Ayant dit au revoir à Mbundu, j’avais trouvé le citoyen Mutshipay Kambul qui me présenta le major commandant de bataillon territorial de la gendarmerie pour la sous région de Tanganika et un capitaine portant un béret vert. Il y avait à leur disposition deux véhicules pleins des militaires et un land rover.
Ayant demandé au Commissaire de zone et au commandant de la gendarmerie d’entrer avec moi au bureau, une personne portant les habits civils, que le Commissaire de zone me présenta comme étant son secrétaire y entra aussi. Je dis au citoyen Mutshipay que je savais bien que cette personne devait être de la police politique. C’était effectivement le chef de poste sous régional de l’AND/Kalemie.
Après un bref entretien, le major m’informa que je devais partir avec eux. Je lui avais prié de m’exhiber le mandat d’amener. Il me montra plutôt son ordre de mission.
Certaines personnes s’étant mis à s’opposet à mon départ, j’ai du convaincre l’enseignant Lugoma qui tenait dans sa main une poutre et prêt à passer à l’attaque de ne pas agir. « Je ne veux pas que le sang coule car c’est par la parole que j’aie toujours lutté, je partirai avec eux et discuterai avec qui que ce soit » lui avais je dis.
M’avançant vers les véhicules, un militaire me demanda d’entrer dans le camion rempli des militaires. Je lui répondis que je prendrais place à côté du Commissaire de zone. Ce dernier me laissa entrer dans le land rover et commença ainsi mon voyage vers un nouveau lieu de détention alors que le soleil était au crépuscule.
Le cortège de véhicules s’ébranla tout en étant contemplé par la population alors que les militaires armés jusqu’aux dents étaient mécontents de quitter le village sans extorquer les biens de la population.
Nous nous arrêtâmes à Mbulula pour prendre le Commissaire Sous Régional ad intérim, le citoyen Bondembe Boma Ndjombe qui nous attendait à l’hôtel “ Tulye Mali Tusambale.” Lui ayant demandé de m’autoriser à voir mes parents avant de continuer sur Kalemie, il ne m’avait pas répondu. J’insinuai, qu’il serait regrettable après que j’aie accepté sans problème de quitter Kayanza, je sois obligé de m’opposer à voyager s’il ne me permettait pas de saluer ma veuve mère.
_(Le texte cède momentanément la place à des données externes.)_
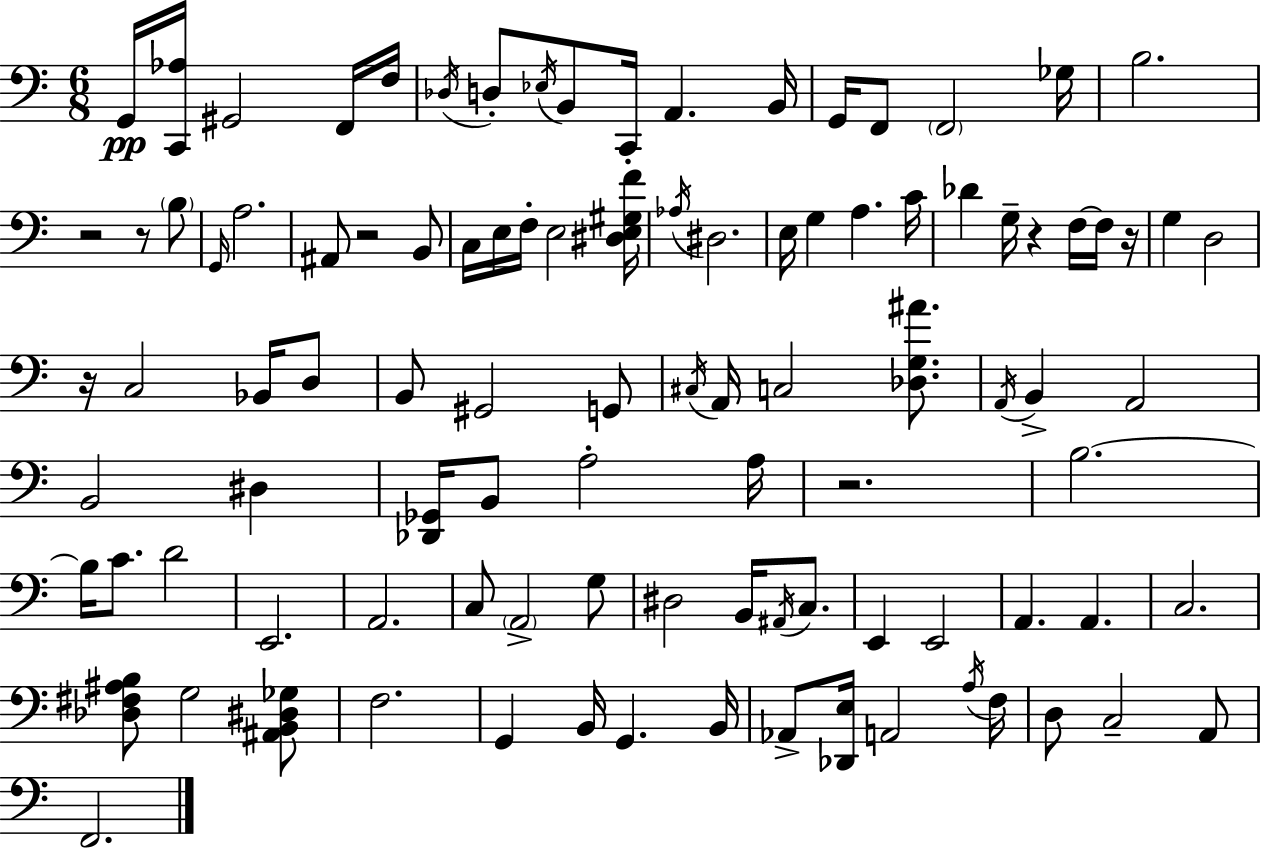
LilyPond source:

Le capitaine qui était le commandant du Bureau 2 de la 13ème brigade des FAZ lui souffla quelques mots et deux militaires furent désignés pour m’escorter.
J’expliquai à ma mère les conditions de mon voyage et partis avec elle chez papa Sixte où je fis autant avant de retourner au véhicule. Ayant trouvé mon petit frère Martin(petit Maloba) qui tenait à m’accompagner en train de crier parce qu’il lui avait été indiqué de prendre place abord du véhicule qui partait à Kongolo et non celui que j’allais prendre, je refusai d’embarquer en attendant que la solution soit trouvée. Il commençait à y avoir un attroupement lorsque il fut autorisé de prendre place abord du land rover. J’y entrai aussi et fis signe d’encouragement à ma mère.
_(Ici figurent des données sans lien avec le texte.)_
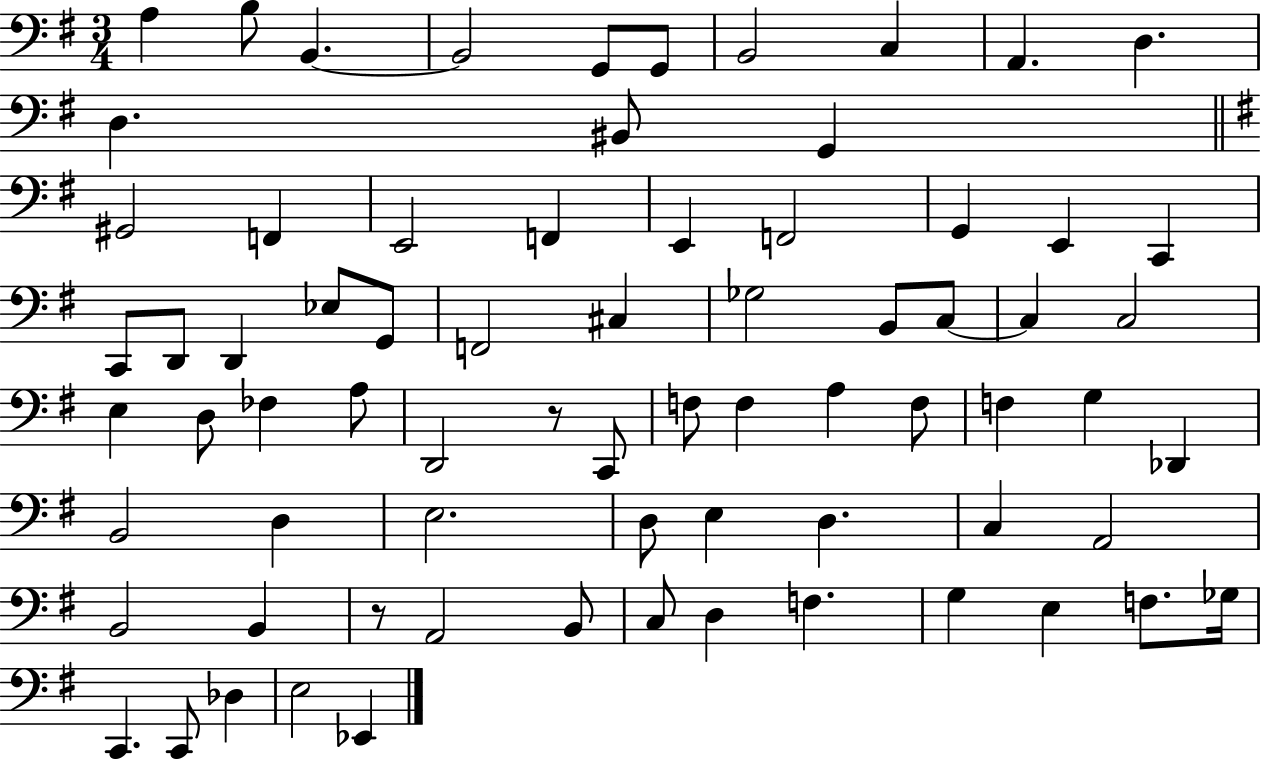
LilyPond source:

Le véhicule démarra en prenant la direction opposée à celle prise par le Commissaire de zone et les militaires du camp de Kongolo. Il faisait déjà nuit quand on avait atteint la zone de Nyunzu et tard la nuit quand à Pende, le responsable du lieu avait organisé une réception en faveur des autorités de la sous région. Je me trouvais mal à l’aise et surtout très méfiant du repas qui était servi. La nouvelle d’une barge qui venait de couler dans le lac Tanganika occupait toute la conversation de mes geôliers. Nuitamment, le land rover dépassa Nyunzu et atteignit Nyemba, où, le bac attendait la délégation, pour la faire traverser la rivière Lukuga. C’est vers cinq heures du matin que nous arrivions à Kalemie.
L’homme que le Commissaire de zone de Kongolo m’avait présenté comme étant son Secrétaire entra à la réception de l’hôtel du lac. Y sortant il dit quelque chose au Commissaire Sous Régional et aux deux officiers avant que le véhicule ne se dirige vers le bureau de l’and. Il me mit à la disposition des gendarmes de garde pendant que Martin était libre.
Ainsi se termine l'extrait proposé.